The first writing from the initial women and wardrobe survey has now been published. We called our book chapter Manufacturing the woman leader, with a nod here to the idea of fabrication and construction, but we didn’t try to do anything really clever with the idea of clothes themselves.
Perhaps we should have.
Amanda’s university press office covered our publication and came up with a great wardrobe oriented title – Hanger management. Their press release was picked up by a few journalists – one of whom headed her piece Suiting the part.
We are aware of how many clever and/or groan-worthy titles might be made about our project.
There’s still more to do with the word suit. Who is suited for leadership? is probably a title that we will use at some point. Such a title will allow us to write a paper about the overt and hidden selection criteria that are used to recruit and appoint people to the job. We do have some information about this and we would certainly like to collect more.
We often think about the publication that might go with a title like Leadership as straight jacket – rather than straitjacket. This title might help us to talk about leaders having to walk a straight line enforcing government policy whether they agree with it or not. Perhaps this title gives us a way to come at the kinds of restrictive expectations that seem to sit around the leader role. The straightjacket title would give us the option to talk about leaders’ autonomy, what freedoms are possible, and what aren’t. Importantly, the double meaning also provides a way to talk about the gendering and de-and re-sexualising of leadership – and what is sometimes called “heteronormativity” in the leadership and organisation literatures.

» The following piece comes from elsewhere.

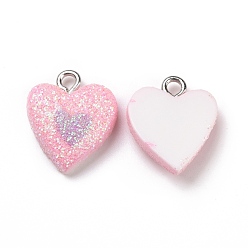 Heart Opaque Resin Pendants, Heart Charm, with Glitter Powder and Platinum Tone Iron Loops, Pink, Heart Pattern, 16.5x14.5x5mm, Hole: 1.8mm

Then there’s the possibilities of dress. We think of the notion of add-dress. A paper on add-dress might talk about the career pathways to leadership, and being “called” to the job. An add-dress paper could talk quite literally about what the position is called – I had someone use the term headmistress to me just the other day, so gendered titling has not entirely vanished. Or perhaps we could use the notion of re-dress to think about the ways in which the job might be redesigned, how discrimination in recruitment and promotion might be got rid of, how past injustices in the system might be recognised.
Titles of papers are always a bit of fun. But playing with words has a serious side. Word play allows us to think about the ways in which we can come at our/your data to write something that is important about women in leadership positions.